Et dès lors, on peut comprendre la position du faiseur Tony Gilroy, scénariste de talent s’étant d’abord attelé à des rewrites variées, avant de trouver la formule gagnante avec les films Jason Bourne, puis de passer à la réalisation avec Michael Clayton, Duplicity et le spin-off The Bourne Legacy. Il viendra donc finir Rogue One des mains de Gareth Edwards on l’a vu, avant de prendre les rênes d’Andor. Il y imposera son entourage : Dan et John Gilroy (ses frères, respectivement scénariste et monteur) et Beau Willimon, pour qui il était consultant sur son chef-d’œuvre House of Cards. À la réalisation, il confère les pouvoirs à trois faiseurs britanniques doués : Toby Haynes (Doctor Who, Sherlock, Black Mirror), Benjamin Caron (The Crown, Sharper) et Susanna White (Parade’s End, Generation Kill). C’est donc adjoint de proches collaborateurs que Tony Gilroy vient démonter le mythe Star Wars, qu’il aborde à sa sauce, en tant que profane autoproclamé, et qu’il nourrit d’une vision salvatrice.
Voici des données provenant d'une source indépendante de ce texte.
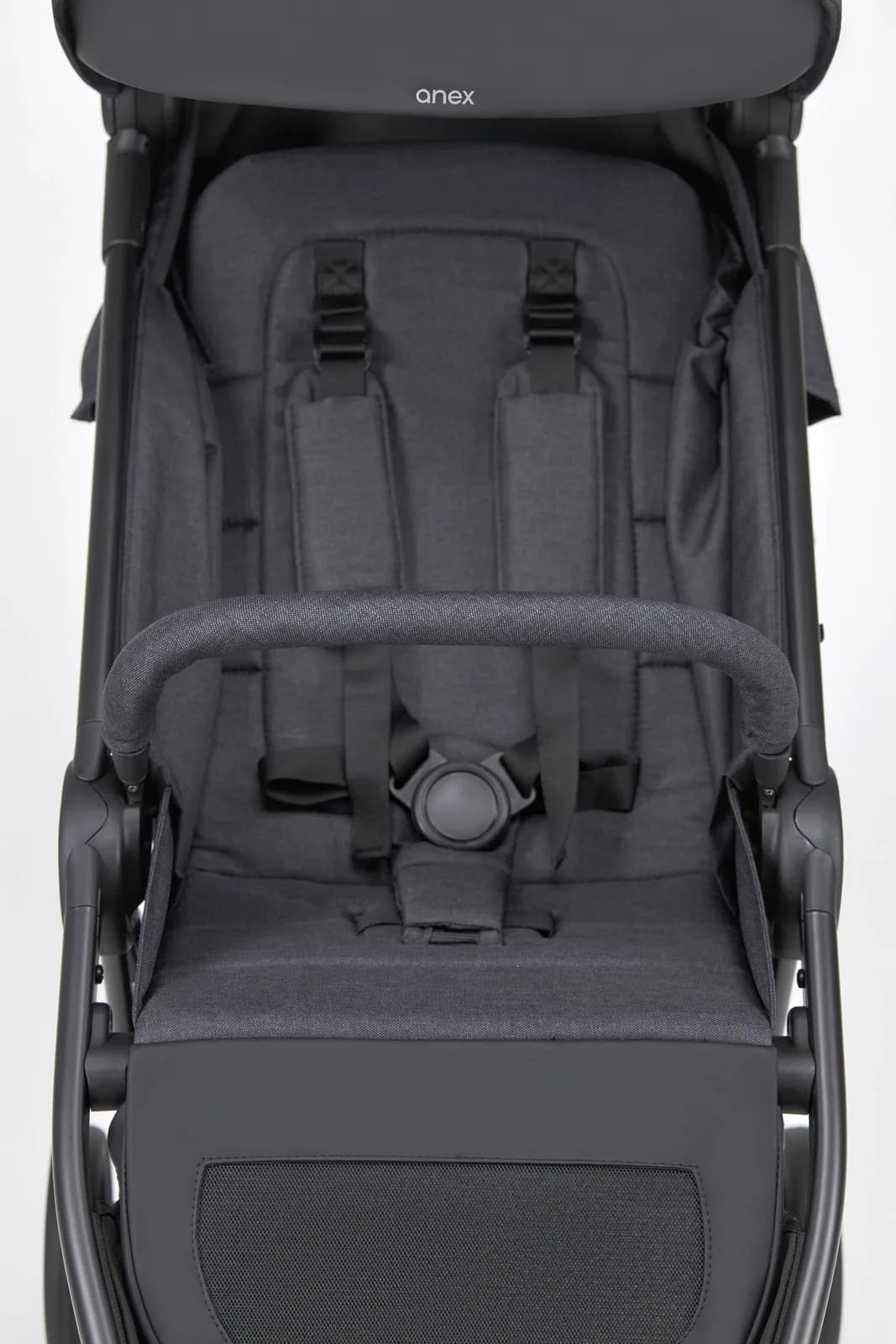 Бампер для коляски Anex iQ baggy iq/ac bb01 фото 2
Le parallèle entre l’artiste et le personnage principal est alors aisé : d’abord réticent, il monte toute une équipe, avant d’inspirer davantage de monde à une secousse du système. Dès lors, le choix du génial compositeur Nicholas Britell (If Beale Street Could Talk, Succession) est aussi enthousiasmant que déroutant. On s’est habitué aux grandes partitions de John Williams, et celles moins grandioses mais réussies de Michael Giacchino ou Ludwig Göransson, mais en terme de musique originale, peu de choses marquantes sur Disney+ : Joseph Shirley et Natalie Holt n’ont pas brillé sur les dernières séries Star Wars de la plateforme. Mais à peine les premières notes retentissent que la partition de Britell s’annonce plus brillante - et surtout marquante. En accord avec ce qui se passe à l’écran, toujours léchée et tangible, la musique virevolte, pour atteindre l’essentiel devant un Star Wars : l’émotion et l’épique.
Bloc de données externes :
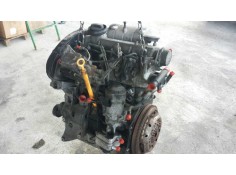 Recambio de motor completo para seat ibiza (6l1) stella referencia OEM IAM ASY  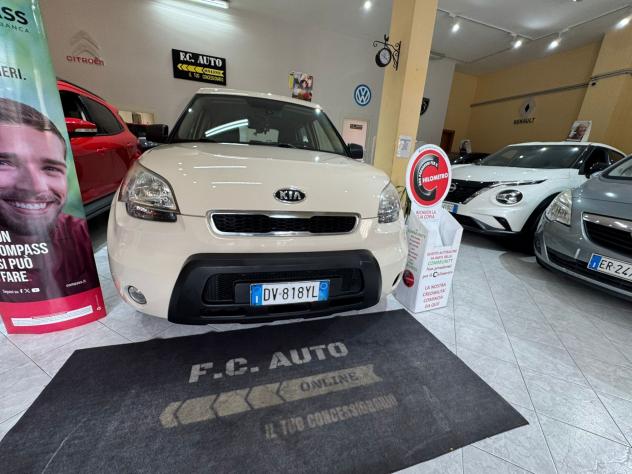 Kia Soul 1.6 CVVT Cool Bi-Fuel - Foto 5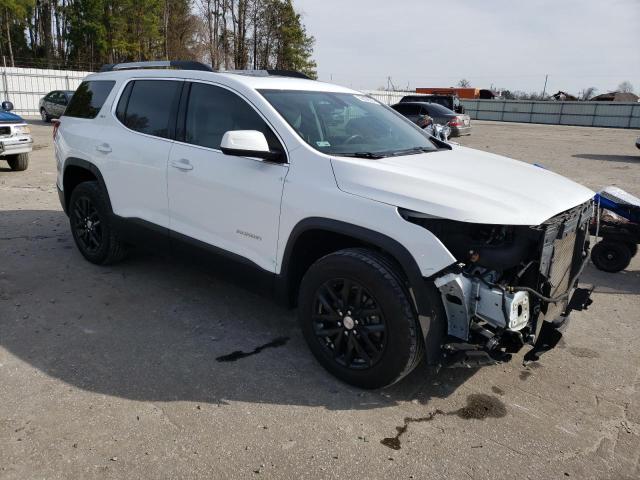 1GKKNMLS7KZ226392 | 2019 GMC ACADIA SLT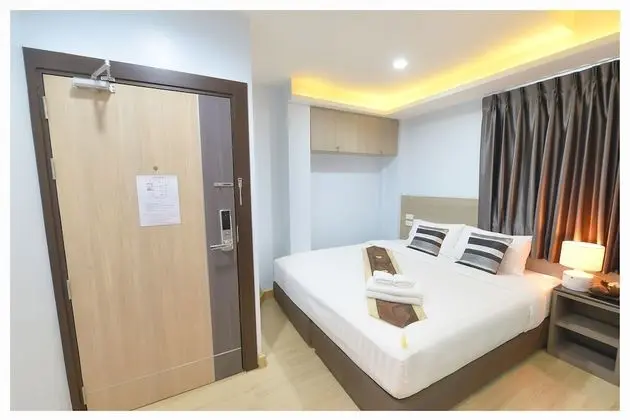M Room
Le souffle soigné de chaque épisode, chaque arc narratif, chaque personnage de cette première saison d’Andor étonne et enthousiasme. Pas une seconde, on ne s’ennuie. On a l’impression d’assister à une réelle série, avec ses protagonistes, ses antagonistes, ses enjeux et ses rebondissements, dans un bel écrin là encore élégant. Ici, exit le Volume (cet écran LED connecté utilisé à tort et à travers depuis The Mandalorian) pour de vrais décors en dur, augmentés par des CGI. Le rendu est bien plus appréciable, palpable, tangible. Les intrigues politiques et dramatiques s’en retrouvent encore plus tendues, et non pas diminuées par un système préfabriqué. Ceci étant dit, les effets numériques sont tout de même présents – et sont très réussis. La mise en scène est sobre et capable, tout comme l’écriture, aussi intense qu’émouvante par moments. La construction en mini-arcs, résolus en 3-4 épisodes, redonnent du jus et du mouvement à un récit toujours haletant, jamais redondant. Bref, Andor m’a ravi du début à la fin, et s’avère à mon avis la meilleure création hors saga Skywalker de l’univers. Pas moins. C’est plus que chaudement recommandé.